André Alexis on treasure-hunting in Toronto
André Alexis' new novel, The Hidden Keys, is inspired by Robert Louis Stevenson's 1883 novel Treasure Island. The book is set in contemporary Toronto, where several characters from very different walks of life take part in a modern-day treasure hunt. The Hidden Keys is Alexis' follow-up to Fifteen Dogs, which won the Scotiabank Giller Prize and the Rogers Writers' Trust Fiction Prize.
Shelagh Rogers spoke to André Alexis in Toronto.
A quest for meaning
Everything in the novel is a quest to determine what has meaning and what doesn't have meaning. Each thing in the novel exists to be interpreted, in much the same way as we interpret things in the world as having either sacred significance, or no significance, or significance to be determined. How do you know what is good when you don't know what the implications of your actions are? That's the profound puzzle for me.
Complex city, complex characters
Toronto has become an extremely complicated place in terms of what is good and what is not good. It's on that ground that the actions of the protagonist, Tancred, must be judged. He is very representative of versions of Toronto, in that he's part Italian, his mother is French-African, he's living in Parkdale and has grown up in poorer parts of Toronto.
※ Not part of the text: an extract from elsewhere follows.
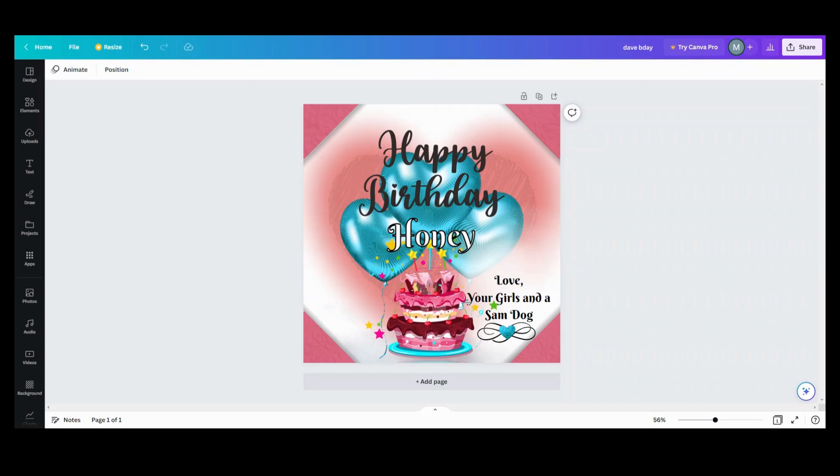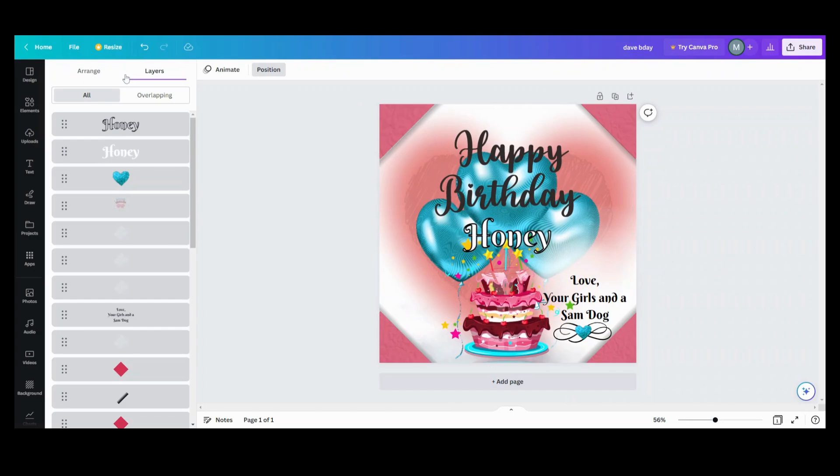...and you've got so much stuff on it like I do on this picture here, you're going to go up into position. Then you're going to see this brand new tab come out and it's got all your layers.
He represents all of the things that come together in this city. Our city is extremely mixed, and so is he, and so are all the characters. He's 25 at the start of the book and 28 at the end, and he's only just coming into the understanding that his life is not just connected to other lives, but that other lives are essential for who he is. He's searching for the hidden keys, for something that's perhaps valuable in a monetary sense, but he's also coming to a more deeply valuable understanding — an understanding of our connectedness in the world.
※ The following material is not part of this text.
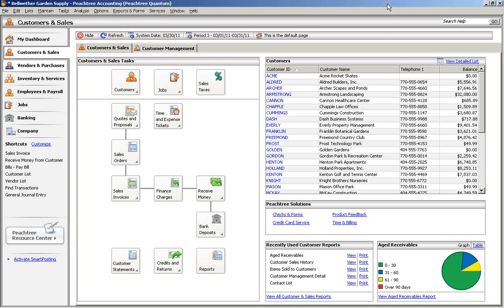The Quantity Discount feature in Peachtree Premium for Distribution, Peachtree Premium for Manufacturing, and Peachtree Quantum lets you set up sales discounts based on the quantity sold in an invoice.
A five-part story, in progress
I conceived of five novels all at once. And so at every stage, I'm in the midst of another novel. So right now I'm in the midst of the novel that's coming out after The Hidden Keys, just as The Hidden Keys kind of screwed up my relationship with Fifteen Dogs. Because the five novels were all conceived at once, they're all also inside of me. I need to get the next two out. So there's Pastoral, Fifteen Dogs, The Hidden Keys, the new one which is called Days by Moonlight, and then the last one, which is my version of a Harlequin romance. So once I'm done with that, I'll rewrite all five, and that will be the end of the project. So I feel like it's just taking me a long time to do one thing, rather than having five things at once.
André Alexis' comments have been edited and condensed.